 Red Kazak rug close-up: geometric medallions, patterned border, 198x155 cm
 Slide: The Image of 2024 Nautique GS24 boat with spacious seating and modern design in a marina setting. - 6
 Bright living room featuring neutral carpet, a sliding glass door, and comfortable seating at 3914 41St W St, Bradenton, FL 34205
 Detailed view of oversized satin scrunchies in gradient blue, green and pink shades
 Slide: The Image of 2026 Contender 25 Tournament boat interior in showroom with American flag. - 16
--
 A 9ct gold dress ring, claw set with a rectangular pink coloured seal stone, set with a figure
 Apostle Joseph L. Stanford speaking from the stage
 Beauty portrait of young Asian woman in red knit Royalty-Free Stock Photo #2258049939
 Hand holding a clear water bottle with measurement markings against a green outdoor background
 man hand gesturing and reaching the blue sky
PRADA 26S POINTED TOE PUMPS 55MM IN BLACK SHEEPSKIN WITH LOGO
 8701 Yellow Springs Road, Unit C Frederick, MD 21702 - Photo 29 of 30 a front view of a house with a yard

What the exercise asks >> Copy word for word the stretch of entries above from the line that has "PRADA 26S POINTED" through the line that has "8701 Yellow Springs", both ends included, and nothing outside it.

Answer area >>
PRADA 26S POINTED TOE PUMPS 55MM IN BLACK SHEEPSKIN WITH LOGO
 8701 Yellow Springs Road, Unit C Frederick, MD 21702 - Photo 29 of 30 a front view of a house with a yard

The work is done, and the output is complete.